EXERCISE DETAILS
Check each line of the entries for the string "Usado". Report only how many lines have it.

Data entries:
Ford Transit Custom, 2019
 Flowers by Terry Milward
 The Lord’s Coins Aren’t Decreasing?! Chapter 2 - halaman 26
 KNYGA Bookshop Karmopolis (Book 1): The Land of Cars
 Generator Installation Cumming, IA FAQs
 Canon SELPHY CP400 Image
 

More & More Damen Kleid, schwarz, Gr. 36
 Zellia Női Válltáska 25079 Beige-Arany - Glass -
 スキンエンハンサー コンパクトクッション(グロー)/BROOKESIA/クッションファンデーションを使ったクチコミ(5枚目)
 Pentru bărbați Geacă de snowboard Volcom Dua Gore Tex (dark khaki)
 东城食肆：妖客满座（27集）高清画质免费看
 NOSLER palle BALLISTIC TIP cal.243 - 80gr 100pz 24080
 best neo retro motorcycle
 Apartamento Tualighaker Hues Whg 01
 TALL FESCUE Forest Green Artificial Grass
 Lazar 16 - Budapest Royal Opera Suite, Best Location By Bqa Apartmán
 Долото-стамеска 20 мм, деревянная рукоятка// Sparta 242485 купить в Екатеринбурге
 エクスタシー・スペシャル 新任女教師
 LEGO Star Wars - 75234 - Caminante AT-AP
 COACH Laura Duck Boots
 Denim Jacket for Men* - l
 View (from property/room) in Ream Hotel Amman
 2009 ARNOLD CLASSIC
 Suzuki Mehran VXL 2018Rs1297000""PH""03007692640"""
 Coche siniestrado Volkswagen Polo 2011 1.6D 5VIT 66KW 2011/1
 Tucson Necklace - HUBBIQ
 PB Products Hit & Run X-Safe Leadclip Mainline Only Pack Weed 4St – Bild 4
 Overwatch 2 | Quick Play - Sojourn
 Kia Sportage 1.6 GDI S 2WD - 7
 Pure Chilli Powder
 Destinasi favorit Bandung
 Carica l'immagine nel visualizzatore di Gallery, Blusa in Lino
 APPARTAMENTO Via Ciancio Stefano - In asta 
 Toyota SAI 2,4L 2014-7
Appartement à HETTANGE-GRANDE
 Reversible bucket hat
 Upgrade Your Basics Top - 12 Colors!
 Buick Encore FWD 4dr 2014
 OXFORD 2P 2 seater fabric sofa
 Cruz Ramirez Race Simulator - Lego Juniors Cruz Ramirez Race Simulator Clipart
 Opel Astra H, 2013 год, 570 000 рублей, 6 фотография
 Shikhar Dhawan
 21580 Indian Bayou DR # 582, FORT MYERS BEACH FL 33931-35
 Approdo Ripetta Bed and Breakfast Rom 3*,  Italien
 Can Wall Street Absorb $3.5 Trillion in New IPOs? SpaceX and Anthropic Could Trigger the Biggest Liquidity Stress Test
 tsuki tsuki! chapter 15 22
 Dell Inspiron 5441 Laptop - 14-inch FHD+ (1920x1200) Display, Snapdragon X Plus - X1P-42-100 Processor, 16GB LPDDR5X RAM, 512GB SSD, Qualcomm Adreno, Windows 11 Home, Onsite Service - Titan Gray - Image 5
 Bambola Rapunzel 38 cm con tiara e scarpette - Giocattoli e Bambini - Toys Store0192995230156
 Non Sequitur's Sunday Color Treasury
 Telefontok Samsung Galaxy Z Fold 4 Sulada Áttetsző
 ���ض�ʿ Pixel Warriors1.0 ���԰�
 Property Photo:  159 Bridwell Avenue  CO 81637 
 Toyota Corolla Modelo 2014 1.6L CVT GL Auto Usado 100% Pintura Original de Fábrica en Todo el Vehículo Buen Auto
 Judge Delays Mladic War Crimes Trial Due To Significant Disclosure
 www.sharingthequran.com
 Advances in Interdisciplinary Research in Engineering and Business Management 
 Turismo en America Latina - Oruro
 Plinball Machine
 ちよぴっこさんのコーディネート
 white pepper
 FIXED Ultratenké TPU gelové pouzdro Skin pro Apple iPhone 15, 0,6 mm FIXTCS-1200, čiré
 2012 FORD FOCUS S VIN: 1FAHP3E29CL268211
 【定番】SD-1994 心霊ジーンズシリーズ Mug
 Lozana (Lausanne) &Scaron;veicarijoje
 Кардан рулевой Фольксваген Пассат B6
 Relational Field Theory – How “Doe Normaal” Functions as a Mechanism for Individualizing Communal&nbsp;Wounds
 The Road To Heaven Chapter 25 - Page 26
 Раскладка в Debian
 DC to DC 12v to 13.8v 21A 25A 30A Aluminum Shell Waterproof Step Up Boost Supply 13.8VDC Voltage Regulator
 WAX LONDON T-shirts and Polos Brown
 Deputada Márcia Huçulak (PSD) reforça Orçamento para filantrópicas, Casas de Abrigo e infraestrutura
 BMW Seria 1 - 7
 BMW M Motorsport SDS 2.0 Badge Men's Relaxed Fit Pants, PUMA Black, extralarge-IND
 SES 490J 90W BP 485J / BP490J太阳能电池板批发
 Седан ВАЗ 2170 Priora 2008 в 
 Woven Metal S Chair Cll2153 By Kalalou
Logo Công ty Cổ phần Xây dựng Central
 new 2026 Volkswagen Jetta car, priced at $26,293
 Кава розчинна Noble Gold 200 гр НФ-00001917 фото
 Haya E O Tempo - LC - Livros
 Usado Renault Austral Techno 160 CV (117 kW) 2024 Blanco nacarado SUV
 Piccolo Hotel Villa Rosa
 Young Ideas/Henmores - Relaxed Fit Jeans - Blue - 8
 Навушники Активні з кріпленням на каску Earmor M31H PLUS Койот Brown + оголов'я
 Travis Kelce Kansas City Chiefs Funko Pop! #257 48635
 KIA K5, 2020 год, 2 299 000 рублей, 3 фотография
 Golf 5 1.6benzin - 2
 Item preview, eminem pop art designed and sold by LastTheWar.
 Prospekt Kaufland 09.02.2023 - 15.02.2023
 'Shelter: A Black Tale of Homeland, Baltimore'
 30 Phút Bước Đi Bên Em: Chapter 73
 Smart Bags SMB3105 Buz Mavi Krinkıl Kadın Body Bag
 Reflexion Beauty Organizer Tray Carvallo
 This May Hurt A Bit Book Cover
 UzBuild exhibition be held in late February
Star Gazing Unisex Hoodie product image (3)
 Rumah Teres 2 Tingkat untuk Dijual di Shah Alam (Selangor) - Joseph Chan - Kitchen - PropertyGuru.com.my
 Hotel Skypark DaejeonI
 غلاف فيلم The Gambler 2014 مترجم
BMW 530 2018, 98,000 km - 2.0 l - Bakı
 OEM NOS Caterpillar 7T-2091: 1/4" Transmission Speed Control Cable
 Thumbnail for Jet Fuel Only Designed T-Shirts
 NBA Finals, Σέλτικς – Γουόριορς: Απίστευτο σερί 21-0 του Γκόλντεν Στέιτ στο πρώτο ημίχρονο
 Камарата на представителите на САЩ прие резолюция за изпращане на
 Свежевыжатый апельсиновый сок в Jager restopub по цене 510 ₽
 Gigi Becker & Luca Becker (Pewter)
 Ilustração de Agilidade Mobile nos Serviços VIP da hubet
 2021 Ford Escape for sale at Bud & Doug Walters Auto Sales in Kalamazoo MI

SOLUTION BELOW
2